▸ **Brief**: What is needed is a word-for-word copy of the listing below, without pictures.

▸ **Source material**:
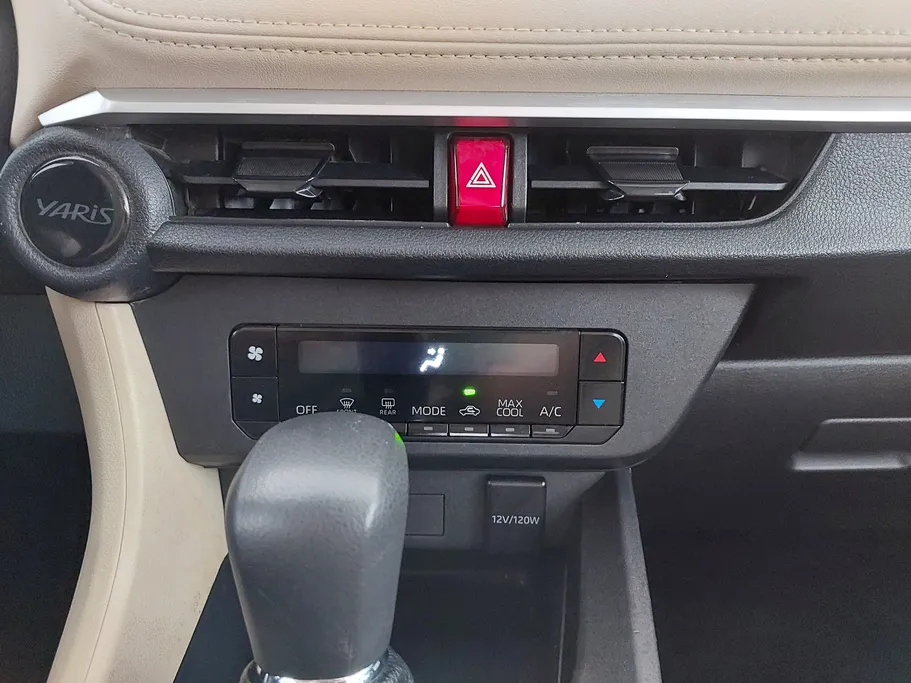 2023 Toyota Yaris  Y 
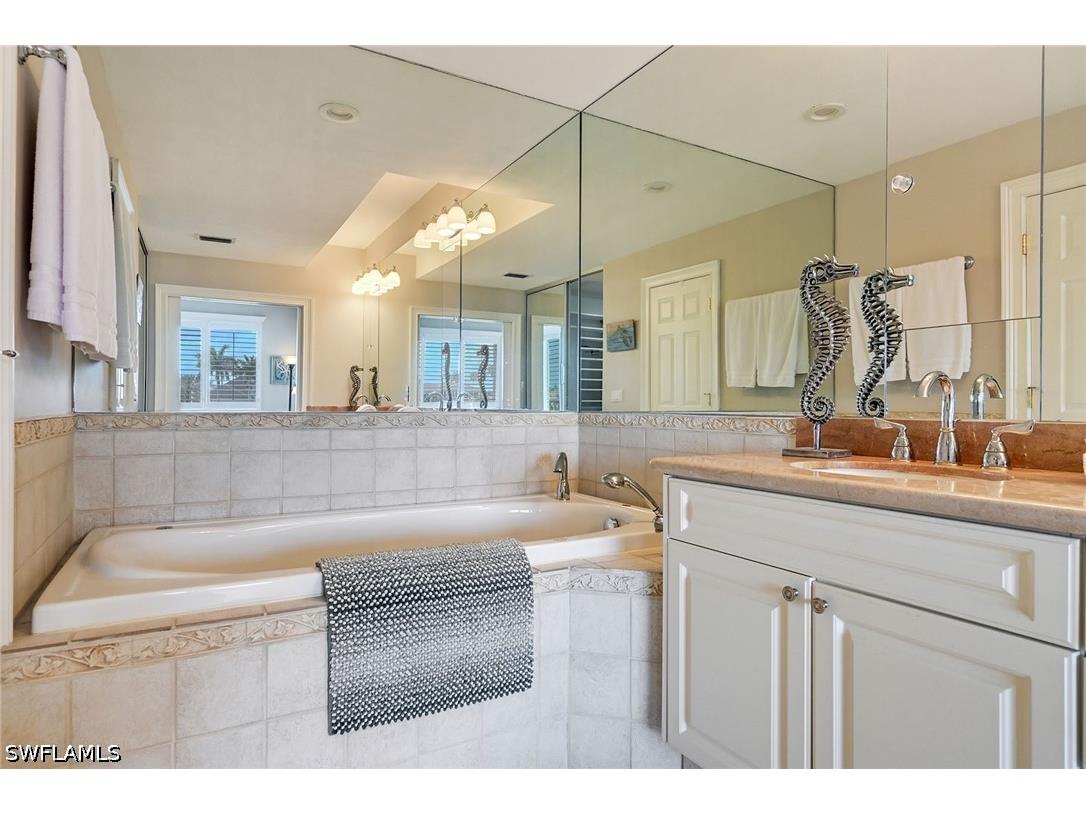 4530 Gulf Shore Boulevard N #2-122 Naples FL 34103 226014164 image30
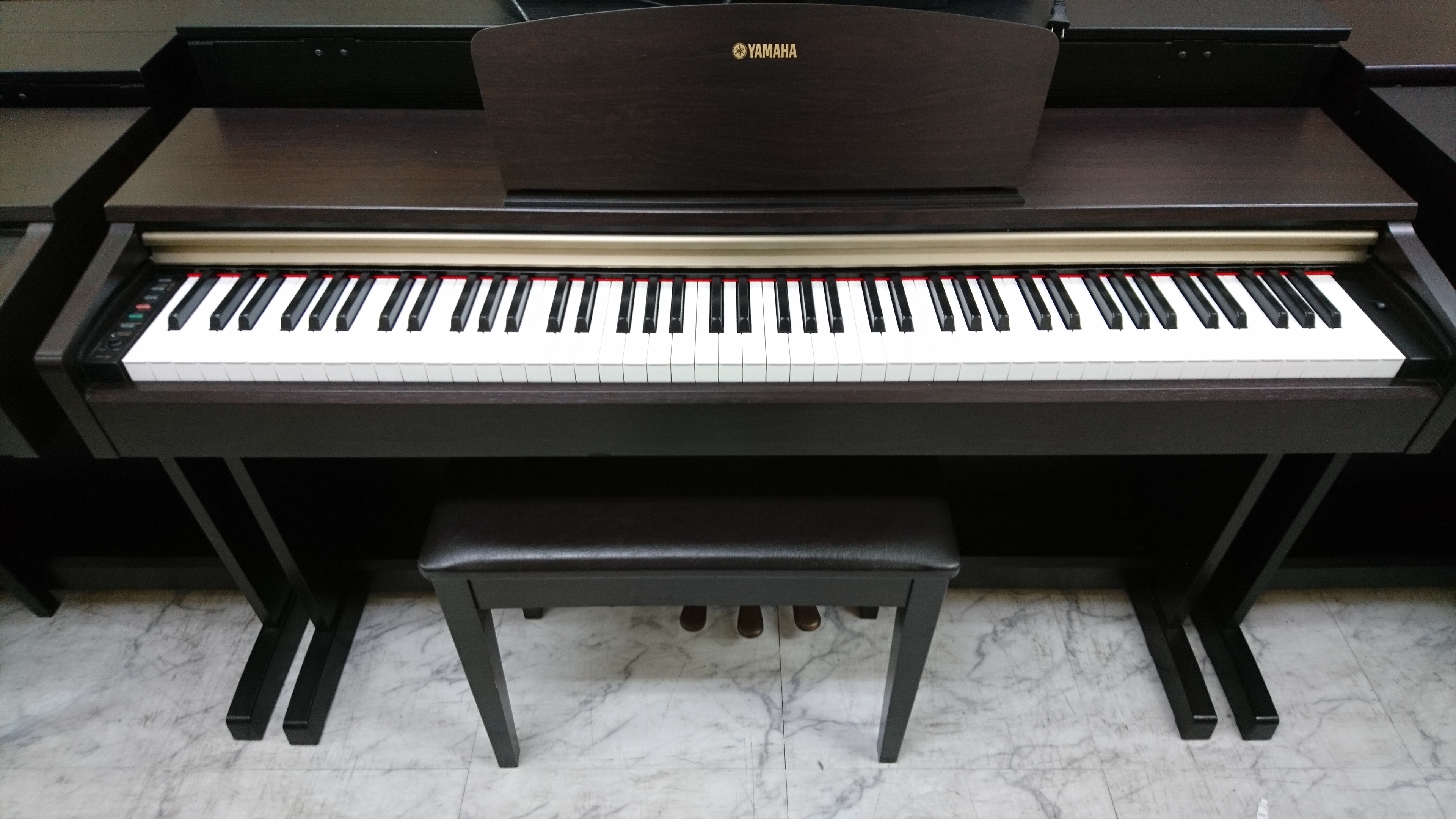 美品】YAMAHA 電子ピアノ YDP-143R 【無料配送可能】+selactesa.com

▸ **Output of the exercise**:
 2023 Toyota Yaris  Y 
 4530 Gulf Shore Boulevard N #2-122 Naples FL 34103 226014164 image30
 美品】YAMAHA 電子ピアノ YDP-143R 【無料配送可能】+selactesa.com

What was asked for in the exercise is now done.